--- WHAT THE TASK ASKS ---
When you reach the line with "MEET ACROSS 7ml" in the data below, begin printing lines exactly, and stop once the line with "Sonda de nível" has been printed.

(Beginning of DATASET ENTRIES)

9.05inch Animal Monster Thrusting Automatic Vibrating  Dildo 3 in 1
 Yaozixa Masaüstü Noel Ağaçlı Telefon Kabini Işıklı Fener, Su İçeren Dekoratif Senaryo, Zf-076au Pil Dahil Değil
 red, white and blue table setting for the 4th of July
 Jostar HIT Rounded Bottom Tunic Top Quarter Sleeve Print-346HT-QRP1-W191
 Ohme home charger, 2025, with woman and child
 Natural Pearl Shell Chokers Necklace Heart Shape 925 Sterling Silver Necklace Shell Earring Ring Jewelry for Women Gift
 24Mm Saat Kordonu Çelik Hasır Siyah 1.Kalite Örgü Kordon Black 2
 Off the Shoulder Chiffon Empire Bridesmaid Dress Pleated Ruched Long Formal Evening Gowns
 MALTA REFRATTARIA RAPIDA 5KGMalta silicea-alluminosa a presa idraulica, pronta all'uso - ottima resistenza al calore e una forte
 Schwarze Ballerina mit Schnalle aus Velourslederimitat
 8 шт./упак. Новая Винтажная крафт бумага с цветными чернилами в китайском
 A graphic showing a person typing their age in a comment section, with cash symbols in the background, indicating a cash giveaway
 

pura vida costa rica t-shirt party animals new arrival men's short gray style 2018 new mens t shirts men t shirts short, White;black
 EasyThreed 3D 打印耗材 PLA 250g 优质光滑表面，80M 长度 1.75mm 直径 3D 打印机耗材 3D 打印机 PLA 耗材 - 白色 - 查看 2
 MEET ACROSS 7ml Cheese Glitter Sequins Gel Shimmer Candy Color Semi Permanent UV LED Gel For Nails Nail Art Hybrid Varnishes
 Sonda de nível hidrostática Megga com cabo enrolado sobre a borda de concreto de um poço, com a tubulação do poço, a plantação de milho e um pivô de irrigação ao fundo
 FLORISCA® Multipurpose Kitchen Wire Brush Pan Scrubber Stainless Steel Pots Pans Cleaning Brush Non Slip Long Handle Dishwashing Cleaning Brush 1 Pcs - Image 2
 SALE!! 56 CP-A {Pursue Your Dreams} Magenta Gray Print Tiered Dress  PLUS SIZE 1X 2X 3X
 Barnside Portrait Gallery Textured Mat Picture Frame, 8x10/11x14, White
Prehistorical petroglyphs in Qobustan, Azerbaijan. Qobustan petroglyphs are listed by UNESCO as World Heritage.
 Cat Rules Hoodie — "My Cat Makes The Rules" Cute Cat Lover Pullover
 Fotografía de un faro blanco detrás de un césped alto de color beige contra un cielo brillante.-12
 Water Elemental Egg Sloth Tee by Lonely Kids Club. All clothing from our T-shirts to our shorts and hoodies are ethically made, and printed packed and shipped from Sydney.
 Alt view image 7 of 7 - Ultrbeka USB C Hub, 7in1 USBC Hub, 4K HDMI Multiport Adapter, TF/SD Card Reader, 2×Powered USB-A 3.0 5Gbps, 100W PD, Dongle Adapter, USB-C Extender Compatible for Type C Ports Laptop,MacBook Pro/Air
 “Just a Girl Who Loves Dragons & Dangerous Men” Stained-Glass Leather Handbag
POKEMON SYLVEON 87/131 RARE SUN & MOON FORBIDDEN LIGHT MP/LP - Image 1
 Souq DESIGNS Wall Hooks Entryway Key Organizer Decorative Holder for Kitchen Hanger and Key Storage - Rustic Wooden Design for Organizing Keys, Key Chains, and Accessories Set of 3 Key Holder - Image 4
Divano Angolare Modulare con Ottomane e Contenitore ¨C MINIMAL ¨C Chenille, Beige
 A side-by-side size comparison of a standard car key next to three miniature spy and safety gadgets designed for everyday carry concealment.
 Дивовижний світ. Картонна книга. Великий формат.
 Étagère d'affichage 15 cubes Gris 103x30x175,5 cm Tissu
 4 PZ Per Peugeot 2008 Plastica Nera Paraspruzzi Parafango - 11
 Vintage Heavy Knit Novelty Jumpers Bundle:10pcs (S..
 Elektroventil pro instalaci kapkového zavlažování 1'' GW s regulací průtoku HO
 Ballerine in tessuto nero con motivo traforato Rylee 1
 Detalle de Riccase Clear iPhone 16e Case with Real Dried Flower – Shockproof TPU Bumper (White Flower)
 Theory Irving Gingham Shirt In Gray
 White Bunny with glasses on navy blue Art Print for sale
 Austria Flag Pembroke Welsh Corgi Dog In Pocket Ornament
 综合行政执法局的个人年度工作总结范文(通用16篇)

(End of DATASET ENTRIES)

--- EXERCISE RESULT ---
 MEET ACROSS 7ml Cheese Glitter Sequins Gel Shimmer Candy Color Semi Permanent UV LED Gel For Nails Nail Art Hybrid Varnishes
 Sonda de nível hidrostática Megga com cabo enrolado sobre a borda de concreto de um poço, com a tubulação do poço, a plantação de milho e um pivô de irrigação ao fundo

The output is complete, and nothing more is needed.